Clearly nobody wants to run the risk of losing data but NoSQL systems are scale-first by definition. If the only way to high throughput and scale, is to run risk and not commit the data to persistent storage at commit time, that is exactly what is often done. This is where DynamoDB really shines. When data is sent to DynamoDB, it is committed to persistent and reliable storage before the request is acknowledged. Again this is easy to do but doing it with average low single digit millisecond latencies is both harder and requires better hardware. Hard disk drives can’t do it and in-memory systems are not persistent so flash memory is the most cost effective solution.
But what if the server to which the data was committed fails, or the storage fails, or the datacenter is destroyed? On most NoSQL systems you would lose your most recent changes. On the better implementations, the data might be saved but could be offline and unavailable. With dynamoDB, if data is committed just as the entire datacenter burns to the ground, the data is safe, and the application can continue to run without negative impact at exactly the same provisioned throughput rate. The loss of an entire datacenter isn’t even inconvenient (unless you work at Amazon :-)) and has no impact on your running application performance.

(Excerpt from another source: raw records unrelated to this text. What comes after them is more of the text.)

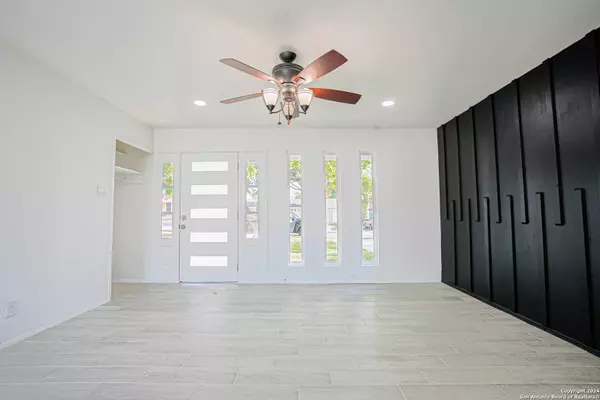 139 MEADOW VALLEY ST, San Antonio, TX 78227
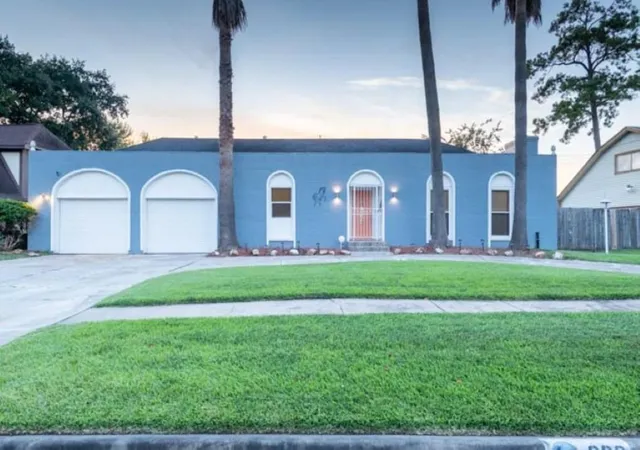 Photo 2 of Single family home for sale at 230 White Cedar St, Houston, TX 77015 | MLS# 64484233 | Listing updated on 2026-08-26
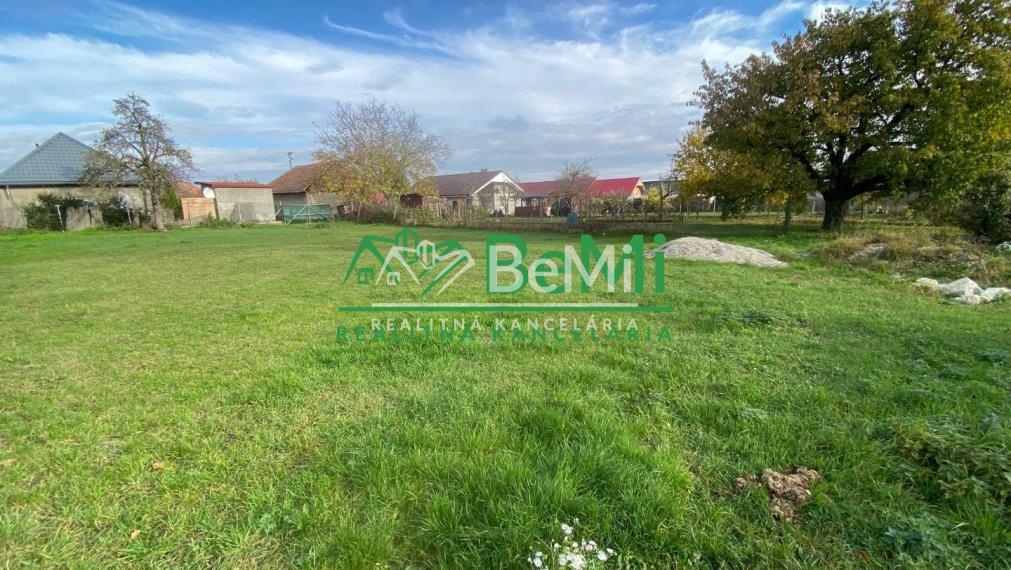 Pozemok 780 m2 Cabaj - Čápor (časť Cabaj) ID 351-14-MIG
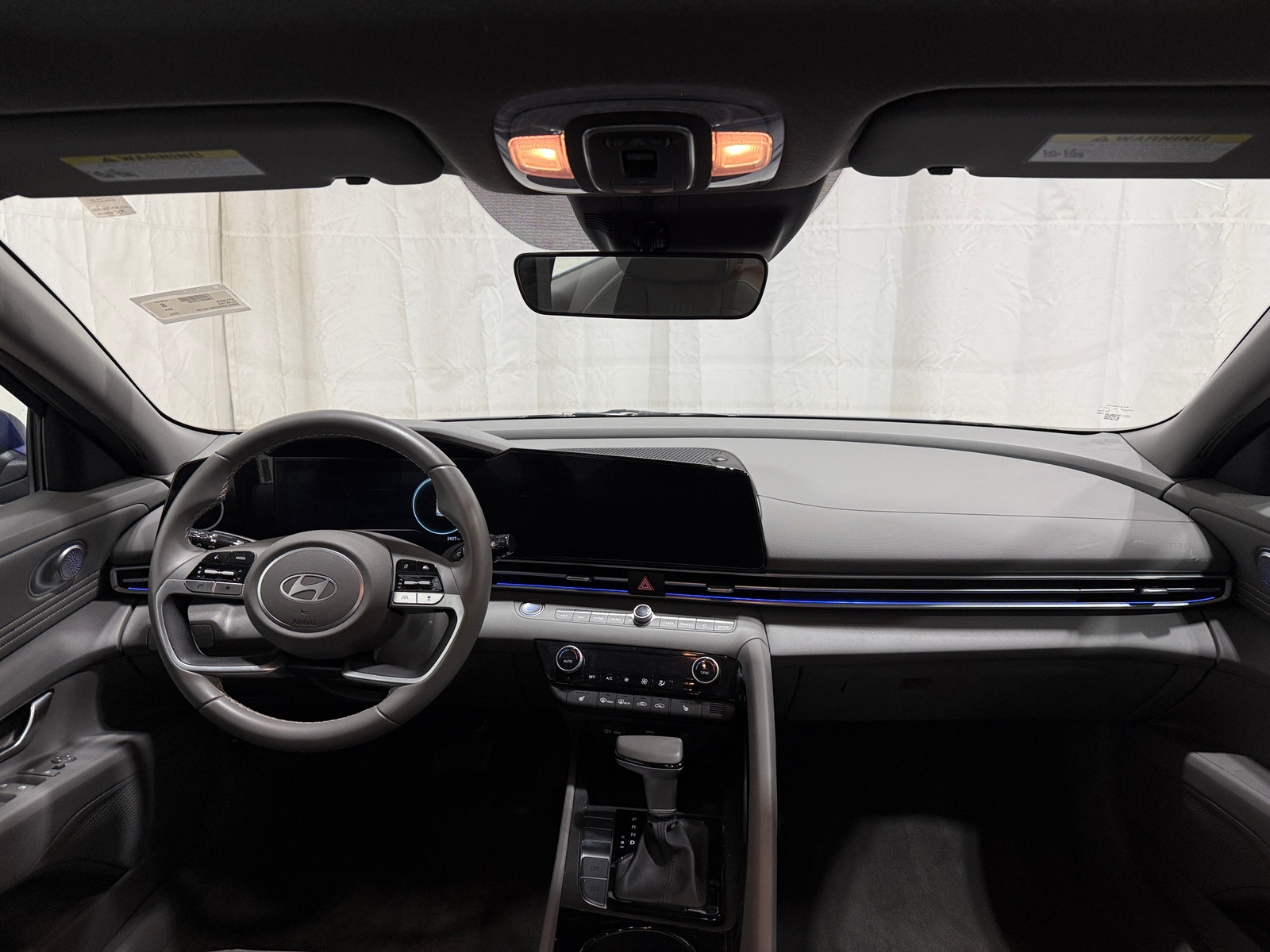 Thumbnail: 2024 Hyundai Elantra - 3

Combining rock solid synchronous, multi-datacenter redundancy with average latency in the single digits, and throughput scaling to the millions of requests per second is both an excellent engineering challenge and one often not achieved.
More information on DynamoDB:
· DynamoDB detail Page: http://aws.amazon.com/dynamodb/
· DynamoDB Developer Guide: http://docs.amazonwebservices.com/amazondynamodb/latest/developerguide/
· Blog entries:
· DynamoDB Frequently Asked Questions: http://aws.amazon.com/dynamodb/faqs/
· DynamoDB Pricing: http://aws.amazon.com/dynamodb/pricing/
Relational systems remain an excellent solution for applications requiring Feature-First structured storage. AWS Relational Database Service supports both the MySQL and Oracle and relational database management systems: http://aws.amazon.com/rds/.
Just as I was blown away when I saw it possible to create the world’s 42nd most powerful super computer with a few API calls to AWS (42: the Answer to the Ultimate Question of Life, the Universe and Everything), it is truly cool to see a couple of API calls to DynamoDB be all that it takes to get a scalable, consistent, low-latency, multi-datacenter redundant, NoSQL service configured, operational and online.